Article 4 : Il est enjoint au préfet territorialement compétent de délivrer à M. B C une autorisation provisoire de séjour valable jusqu'à ce que l'administration ait réexaminé sa situation, dans un délai de quinze jours à compter de la notification du présent jugement.
Article 5 : Les conclusions de la requête de M. B C tendant à l'annulation de la décision portant refus de titre de séjour, et les conclusions aux fins d'injonction et d'astreinte en tant qu'elles s'y rattachent, ainsi que la demande relative aux frais d'instance, sont renvoyées devant une formation collégiale du tribunal administratif de Rouen.

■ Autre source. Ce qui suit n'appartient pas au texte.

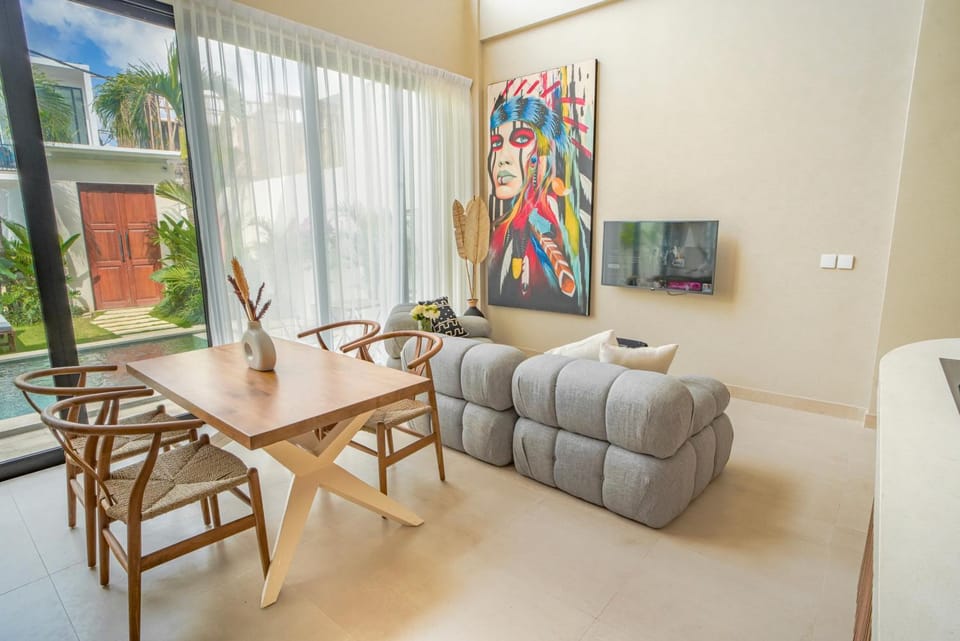 Living room, Dining area
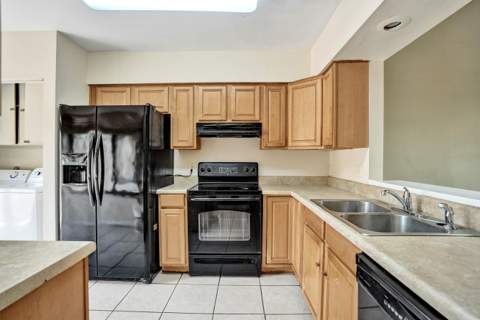 3810 NW 77th Avenue, Davie FL - photo 8 of 34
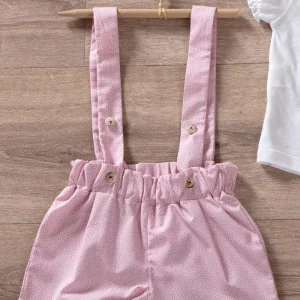 Pantaloncino con bretelle in tela di cotone organico con rouches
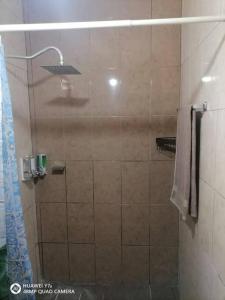 um chuveiro com uma porta de vidro na casa de banho em Casa Noria em Tepic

Article 6 : Le présent jugement sera notifié à M. B C, à la SELARL Eden Avocats et au préfet de la Seine-Maritime.
Rendu public par mise à disposition au greffe le 12 avril 2023.
Le magistrat désigné,La greffière,
T. DA. LENFANT
La République mande et ordonne au préfet de la Seine-Maritime en ce qui le concerne ou à tous commissaires de justice à ce requis en ce qui concerne les voies de droit commun contre les parties privées, de pourvoir à l'exécution de la présente décision.